Last Fourth of July, we decided we wanted to be a little lazy. But as the hot weekend approached, we also wanted to get out in the woods. Unfortunately, we did not reserve a campground spot anywhere (we would have had to have done it in March anyway) and we just didn’t feel like dealing with the early take-off time and wrestling with the crowds required to secure a spot up in the backcountry at a wilderness lake—especially with kids in tow. But I did know of a peaceful meadow and wooded spot along a creek just about two miles down the tail in a nearby wilderness area, so I thought why don’t we just chill out on a little backpack foray and set up camp there for the weekend?
It was the perfect plan: My wife, two kids and I did some leisurely packing, watched some Friday night Netflix, slept in a bit the next morning and then hiked in to the meadow spot. From there, we simply enjoyed the pleasure of being in the woods. We set up a hammock. We cast tenkara flies into the creek. We made sandwiches and soup on the camp stove. The next morning, we even day-hiked to a lake. But most of all, we sat back and read books.

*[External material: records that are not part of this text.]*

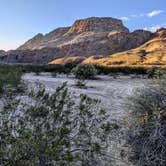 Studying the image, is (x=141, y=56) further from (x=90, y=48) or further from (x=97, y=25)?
(x=97, y=25)

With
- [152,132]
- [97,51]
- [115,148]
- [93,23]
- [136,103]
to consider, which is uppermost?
[93,23]

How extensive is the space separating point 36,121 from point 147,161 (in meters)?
1.63

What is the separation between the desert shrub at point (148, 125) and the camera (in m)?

I confess I am the ultimate biblio-nerd. My bedside is a pile of books in the process of being read (Bruce Springsteen’s outstanding autobiography), on my to-read list (William Finnegan’s Barbarian Days, Viet Thanh Nguyen’s The Sympathizer) and read long ago but left within easy reach because they give me comfort (Italo Calvino’s Invisible Cities, Bertrand Russell’s The History of Western Philosophy). The only problem is that I find my book reading time crunched these days. Sure, blame it on technology: Reading sports scores or the latest Trump shenanigans on my iPhone is an easy comfort. Plus, reading is tough with eyeballs fried from workdays spent scanning screens. I’m no Luddite—I actually think this technology has made our lives hassle-free in many ways and certainly it has made it easier to work as a freelance writer and editor, but it has definitely cut into the time we spend enjoying books.

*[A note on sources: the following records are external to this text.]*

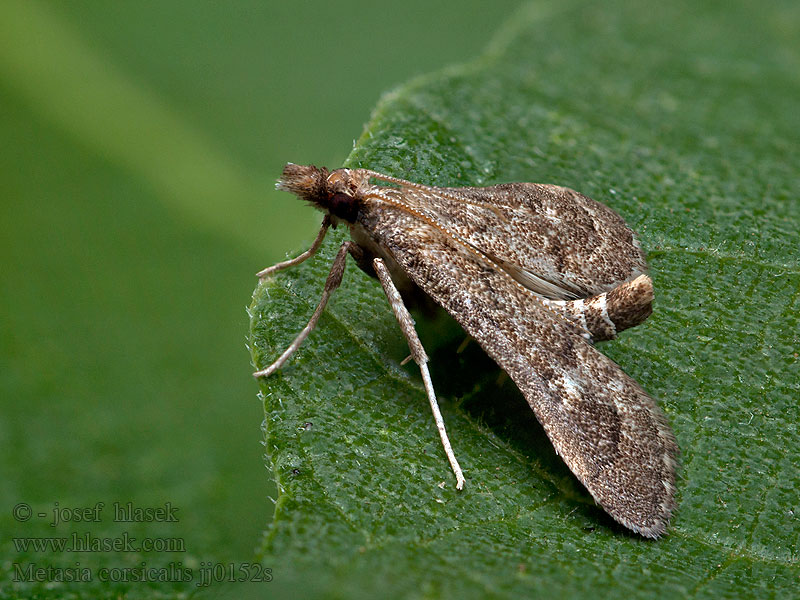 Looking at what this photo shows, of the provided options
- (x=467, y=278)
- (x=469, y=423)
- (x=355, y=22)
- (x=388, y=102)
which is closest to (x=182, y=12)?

Even before smart phones, my favorite place to read has always been the backcountry. There’s a silence and change in our perception of the passing of time that makes it easier to immerse yourself in the printed page. In the 1990s, I spent years working for the U.S. Forest Service, building trails and fighting fires in Montana’s Madison Valley. It was the greatest stretch of pleasurable binge reading in my life. In my sleeping bag or in camp, I devoured Russian novels (and somehow the dirt in Lëvin’s fingernails when he tills the land felt more earned, the tragedy of Prince Myshkin more unfair). I read a manual on celestial navigation as I lay back tracing the stars. Hoping to climb the mountain, I dug into Jonathan Waterman’s In the Shadow of Denali (and it still thrills me to have him write for this magazine). I flew along as Carlos Castenada transformed into a crow, and later I hiked alone watching birds.

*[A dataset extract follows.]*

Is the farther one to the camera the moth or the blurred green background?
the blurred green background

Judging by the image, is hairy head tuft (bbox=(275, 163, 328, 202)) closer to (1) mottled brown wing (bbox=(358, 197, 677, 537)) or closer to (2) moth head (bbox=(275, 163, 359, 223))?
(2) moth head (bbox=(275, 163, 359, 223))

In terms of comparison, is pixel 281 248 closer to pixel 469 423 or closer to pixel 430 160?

I love when I reach a place like our Fourth of July meadow where the phone no longer has service. My wife and kids feel the same way. We don’t miss it. We find a spot in the grass or by a tree or in the hammock and turn the pages. On this trip, I read the biologist E.O. Wilson, who is, I think, one of the most important voices of our time. His words felt more urgent out here: “We are drowning in information,” he writes, “while starving for wisdom.”